Die Mehrheit der Chilenen hat nach den schweren Protesten 2019 diese Verfassungsänderung gefordert. Viele von ihnen sind enttäuscht: Denn trotz des hohen Wachstums, der verbesserten Sozialindikatoren und der konsolidierten Demokratie seit nun 30 Jahren stört sich die Mehrheit der Chilenen an den fehlenden Aufstiegschancen und der schlechten Grundversorgung durch den Staat. Bei Bildung, Gesundheit und vor allem im Pensionssystem versagt der Staat gegenüber denen, die sich keine private Versorgung leisten können. Es ist abzusehen, dass die neue Verfassung mehr Staat und weniger Marktwirtschaft enthalten wird. Die Mehrheit der Bevölkerung wünscht ein sozialdemokratisches System.
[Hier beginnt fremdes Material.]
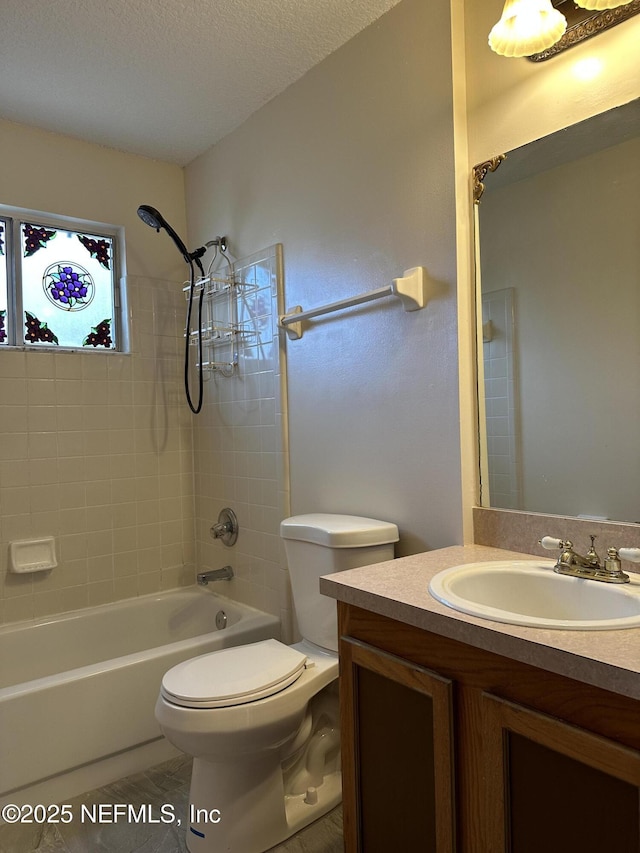 full bathroom with vanity, a textured ceiling, toilet, and tiled shower / bath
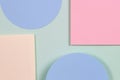 Abstract geometric texture background of soft green, pastel pink, light blue, yellow color paper. Top view, flat lay Royalty Free Stock Photo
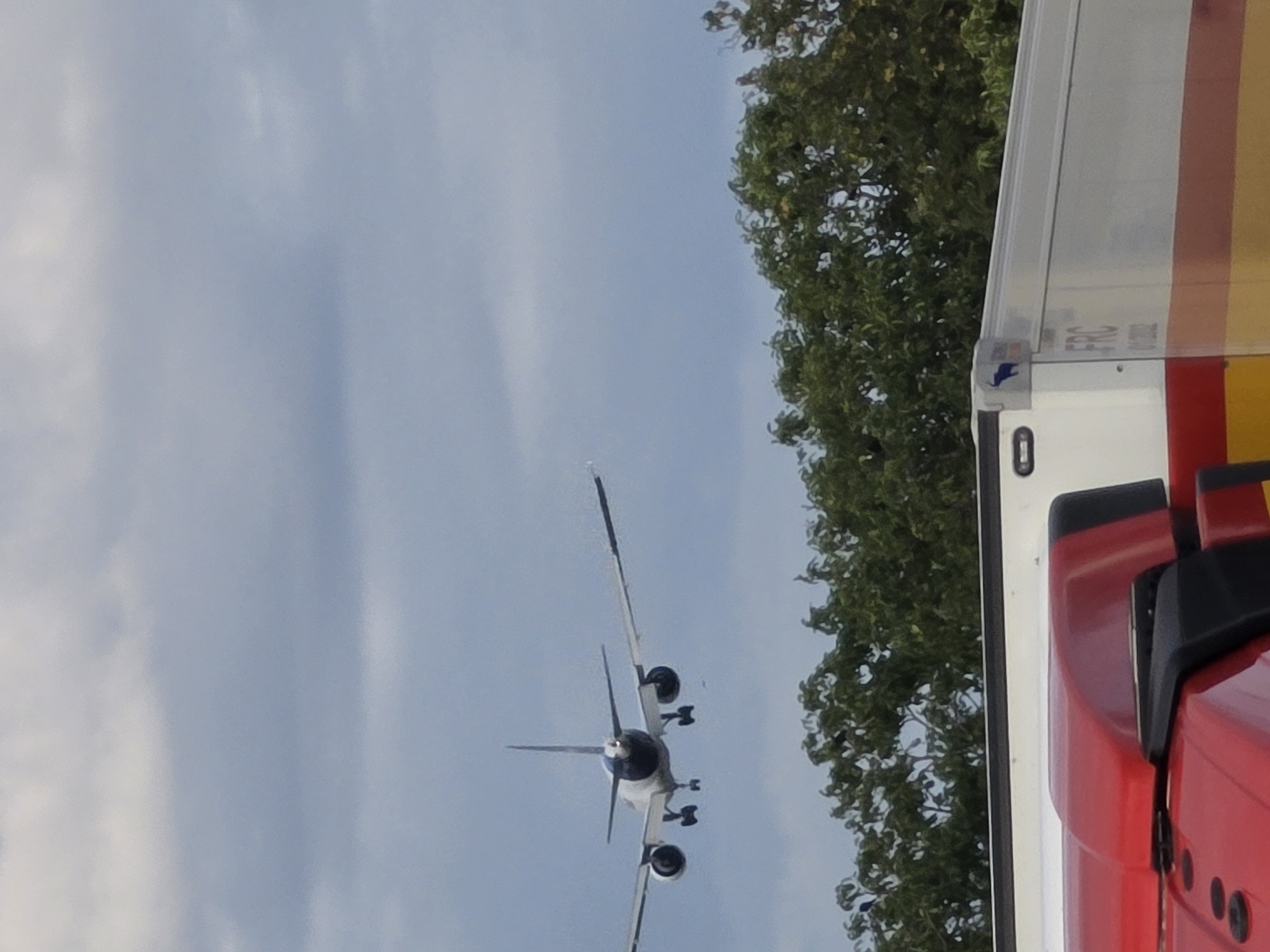 An airplane is in flight above a tree line, with its landing gear extended, suggesting it is preparing to land. Below the airplane, and partially obscuring the tree line, are the roofs of two vehicles, a red truck and a white trailer. The truck is in the foreground and appears to be a transport vehicle. The trailer is behind the truck, and has "FRC" printed on its side. The sky is overcast with light blue and white clouds. The image is taken from a low angle, looking upwards.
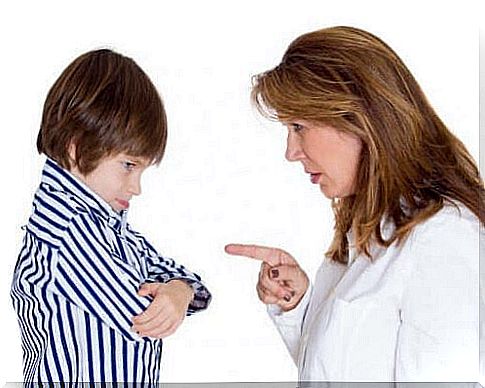 mother scolding boy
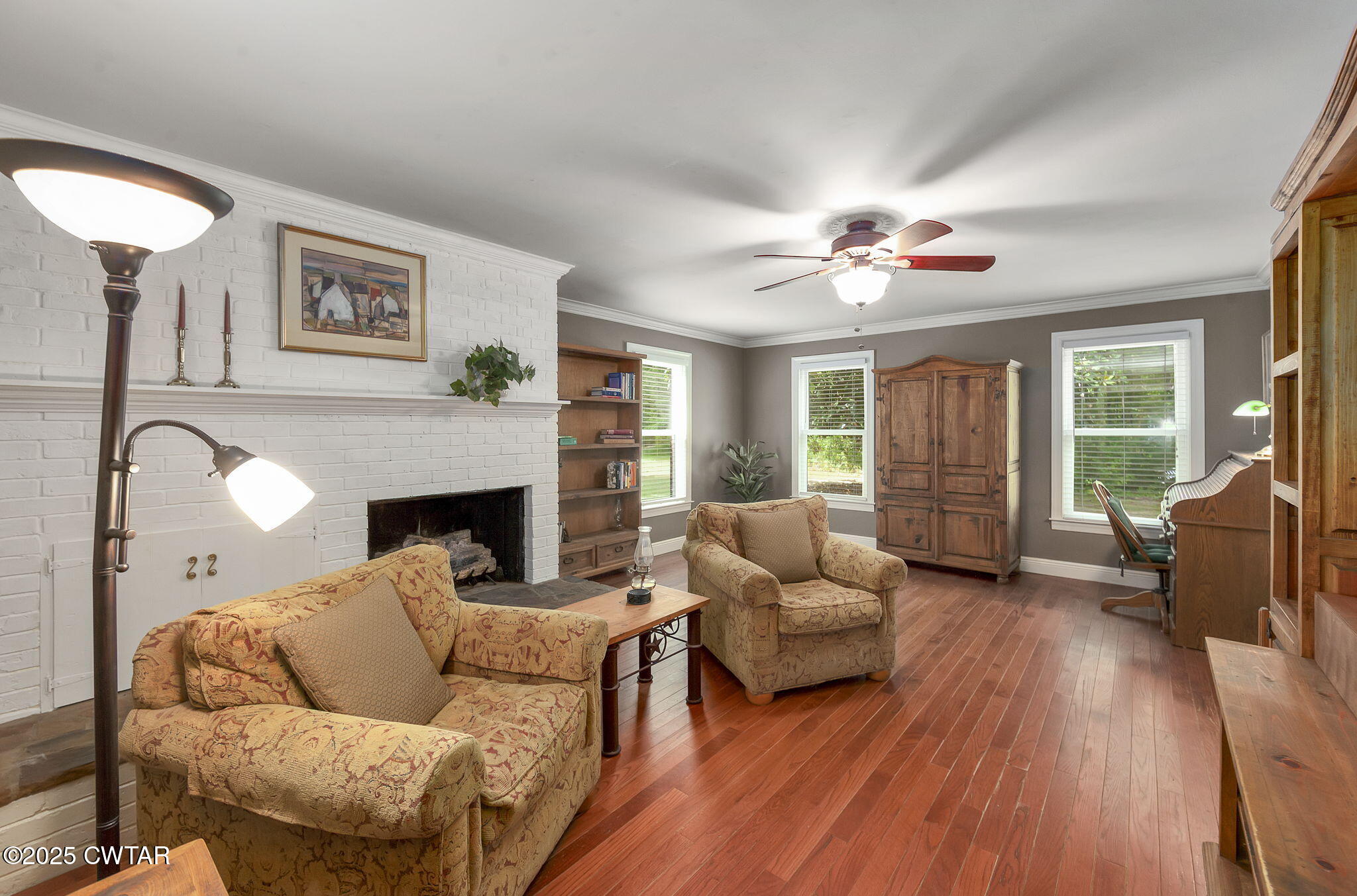 114 Old Stage Road Jackson, TN 38305 - Photo 17 of 50 a living room with furniture and a fireplace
Es geht ihr aber auch um die Modernisierung der Gesellschaft. Chile hat sich in den letzten zehn Jahren stark verändert, was man an den breit diskutierten Themen Scheidung, Abtreibung und Homo-Ehe sieht. Das Vertrauen in Politik, Parteien und Unternehmerschaft, aber auch in Polizei und katholische Kirche hat einen Tiefpunkt erreicht. Dazu beigetragen haben zahlreiche Skandale, die auch das Selbstverständnis einer konservativen, redlichen Elite schwer erschüttert haben.
Verkürzt lässt sich sagen: Während die chilenische Gesellschaft in den letzten zehn Jahren immer liberaler wurde, blieb die Elite verschlossen und konservativ.
Die neue Verfassung ist nun der Versuch, wieder das Vertrauen in die Institutionen und die Demokratie aufzubauen – nicht zuletzt, um das erfolgreiche Wirtschaftsmodell langfristig zu retten. Denn wirtschaftlich spielt Chile in Lateinamerika schon länger in einer höheren Liga.
Wenn es nun gelingt, das Land auch gesellschaftlich per Verfassung zu modernisieren, dann könnte Chile auch politisch ein Vorbild für Lateinamerikas gespaltene Gesellschaften werden.